Atmega328 hangs. Even WDT fails to rescue!!

I have been working on a project where we use Atmega328 and Sim900A chips to transmit some data over GPRS. The first prototype is working since 4 months while second prototype is working since more than a month. Our code has evolved quite a bit through this time.

The next set of boards we have made uses same PCBs as prototype 2 and same set components except for two components (but almost identical specs) in power supply of sim900. This set of boards was built after successful operation of prototype 2 for couple of weeks. Even though the latest set has practically same h/w and s/w, the boards are suffering very weird problem. The atmega328 gets hanged during operation and stops working.

I am struggling since more than a week to find the reason for the problem but have not had any success so far. Any help/suggestion will be highly appreciated. Following are relevant points

-The circuit is supposed to work 24x7. It is found to hang at various times like right at the start-up, few minutes after start-up, or few hours after start-up. I tried to get exact point where it hangs through serial log, however there isn't any particular point at which it hangs. -The boards have atmega328pu in place of atmega328p. I have always burned arduino bootloader before uploading code via USBASP. The sketch takes up 93% of available flash space -The fuse bits are set to same values as they are while burning bootloader from Arduino IDE. I even verified this by reading fuse bits from one chip. -Global variables take 79% of dynamic memory. However local variables are kept to minimum. I observed free space in stack at various points as per this and found that at least 275 bytes were always free. Hence I ruled out stack overflow possibility -The circuit has onboard SMPS. Atmega works on 5V while Sim900 is working on 4.3V. I checked supply voltage to Atmega328 as well as Sim900 on oscilloscope. The voltage variation was less than 100mV. -The reset pin has been pulled up, so no possibility of noise there. However the Rx and Tx remain open. -As the code has evolved over a long time with previous version working well for more than a month, I don't suspect coding bugs like infinite loops causing this problem. Still it has been thoroughly checked for such possibilities. -Watch dog timer has not been used. Its a possible workaround but I would ideally like to find reason why the board hangs in first place.
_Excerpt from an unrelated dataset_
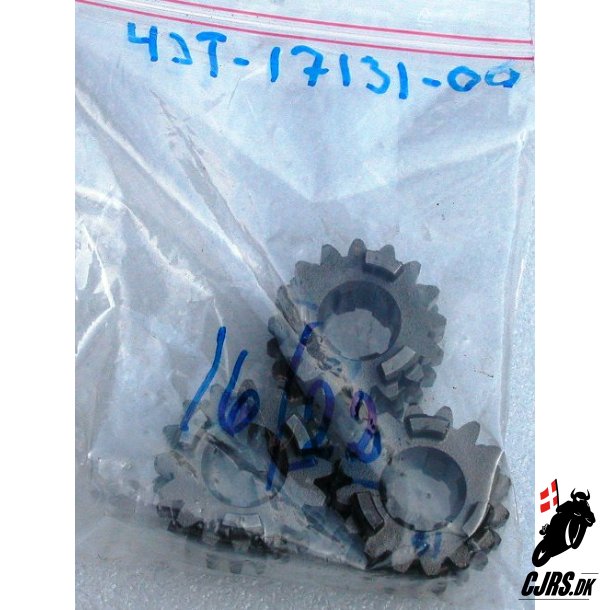 GEAR,3RD/4TH PINION 16T/22T	4JT-17131-00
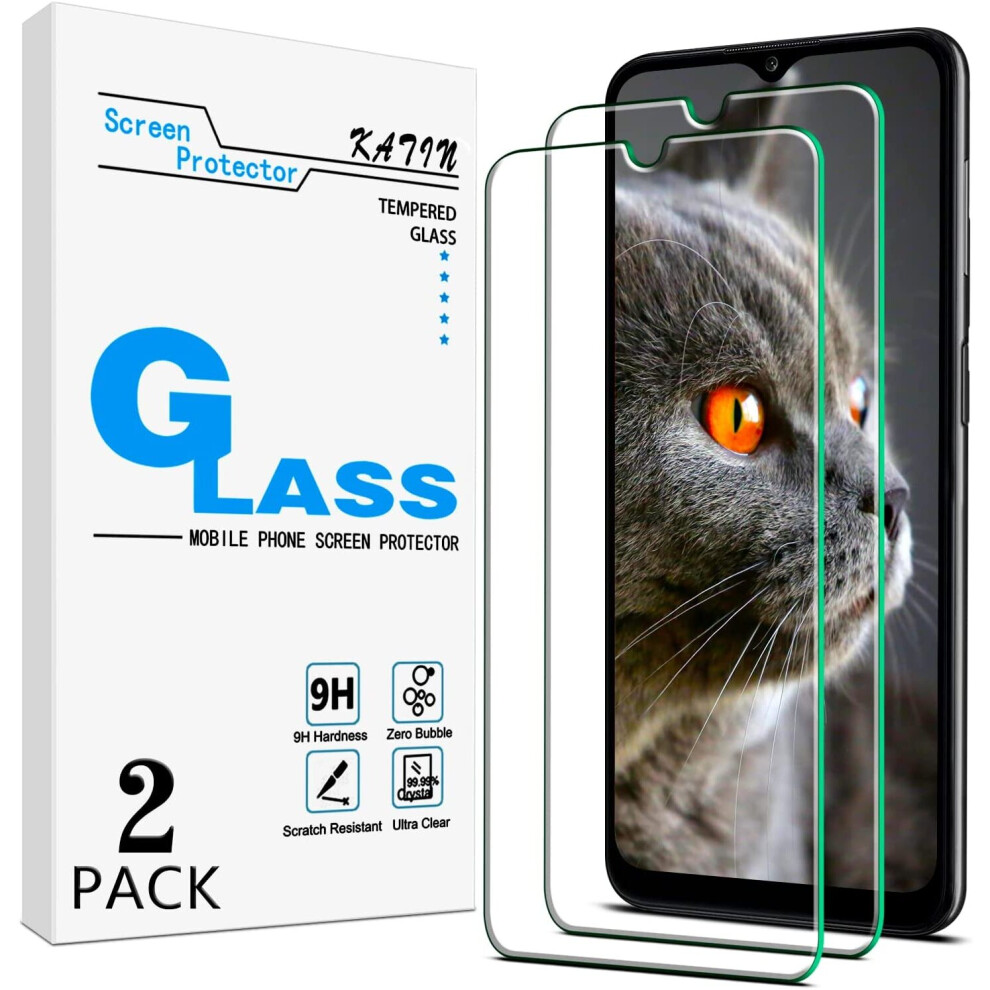 [2-Pack] Katin Screen Protector Compatible For Samsung Galaxy A32 5G, M12 Tempered Glass, 0.33Mm Ultra-Clear, Anti-Scratch, 9H... 5059648316375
After checking all the possibilities I can think of, I still don't have any clue about reasons behind this weird problem ::) :( . A sincere request to post any suggestion you may have.

Thanks in advance.

It is line 26 that is wrong. If not then my psychic powers have failed and you will have to :- https://www.youtube.com/watch?v=tdQL_7osGzc

I can understand the difficulty in understanding the problem without the code. However I am still not sure whether its a s/w bug or h/w issue. I will put some more efforts before asking you to go through such a long code.

How about the oscilator? Internal or external and what speed and load capacitance?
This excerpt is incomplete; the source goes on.